The series doesn’t gloss over what Harshad did. But it also indicts the system, which is a Kafkaesque network of corruption. Everyone, from the heads of foreign banks to cops to politicians are complicit. It’s an old boys club where each one is scratching the other’s back. The consequences of Harshad’s actions are dire – a close friend of his kills himself because he loses all the money he invested in stocks on Harshad’s advice. Innumerable others have their life savings wiped out. Hansal does terrible things but he isn’t a dastardly villain. Until the end, I was hoping that somehow, he would find a way to redeem himself.
Hansal and his writers – Saurav Dey and Sumit Purohit – create a living, breathing character which the terrific Pratik Gandhi brings to life. Harshad is ambitious and courageous. He is willing to take risks or as he so memorably puts it, “Risk hai to ishq hai”. These qualities help him to rise up fast but they also become a liability because he becomes a compulsive gambler who throws caution to the winds, even when the stakes are impossibly high. Pratik locates the determination in this man but also the charm and the swagger – Harshad takes great pride in owning a Lexus car. It becomes a symbol of wealth and power – people gather around just to look at it. The series rests on Pratik’s ability to portray this man with all his flaws without losing connect with the audience and he delivers brilliantly.

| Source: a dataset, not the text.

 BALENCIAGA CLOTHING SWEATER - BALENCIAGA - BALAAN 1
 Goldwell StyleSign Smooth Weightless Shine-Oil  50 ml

Scam 1992 is a triumph of writing and casting. Every actor has been selected with precision by casting director Mukesh Chhabra. Look at Hemant Kher as Harshad’s brother Ashwin Mehta, who tries to keep Harshad in check but fails. It’s a wonderfully sympathetic performance. Or Shreya Dhanwanthary as Sucheta, the lone woman in a male environment, determined to take on the corrupt system. Shreya captures Sucheta’s moral resolve, her courage and her vulnerability. There’s also Chirag Vohra as Harshad’s associate Bhushan Bhatt – in the last episode, Bhushan finally explodes and it’s something to watch. And Jay Upadhyay as the oily Pranav Sheth, another broker who stays by Harshad’s side, through thick and thin. Pranav bhai likes to end his sentences with ‘darling’ and he tells it like it is. In the second episode, he advises Harshad not to invite any well-heeled clients to his shabby office. Pranav says, “Kya hai na, teri gareebi dekh ke unko unki ameeri satayegi.”

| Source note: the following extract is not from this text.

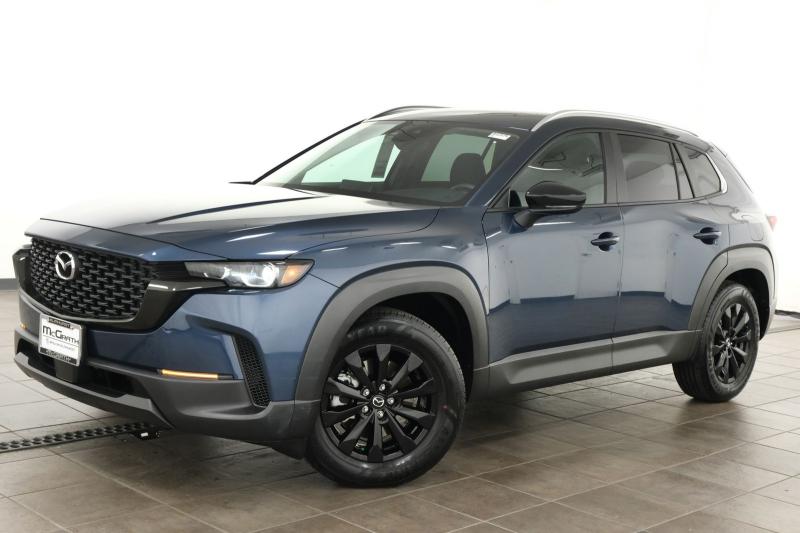 2024 Mazda CX 50 2.5 S Preferred Package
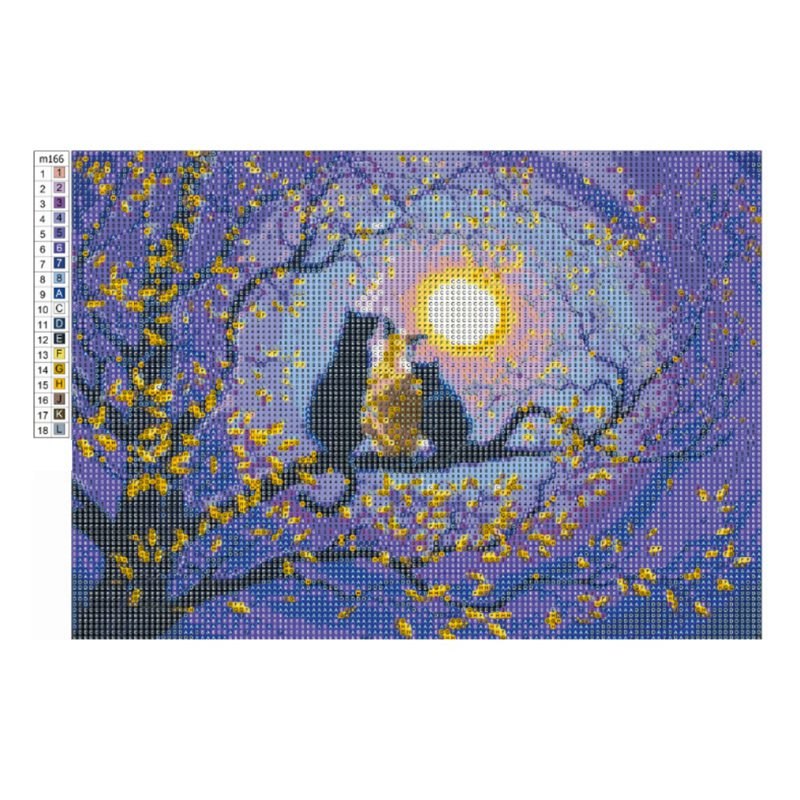 Diamond Painting Bild (30 x 40 cm) – Bild 19 | LuxeStyle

The dialogues by Vaibhav Vishal and Karan Vyas are a highlight of the series. Vaibhav and Karan throw in enough Gujarati to make the conversations authentic. They also rely on a Hindi movie staple – dialogue baazi. Harshad drops quotable quotes like, “Success hai kya? Faliure ke baad ka chapter”. But this doesn’t come off as artificial. It seems like something a man with such a hunger to succeed would say. Production designers Payal Ghose and Tarpan Shrivastava skillfully recreate the world of the 80s and early 90s – fiat cars, typewriters and cordless phones the size of small books will make you smile. And threading it together is the terrific music by Achint Thakkar.
There are stretches in which the stock-market jargon gets too technical but Hansal and co-director Jai Mehta never lose sight of the human story. Which is what makes Scam 1992 so gripping. Don’t miss it!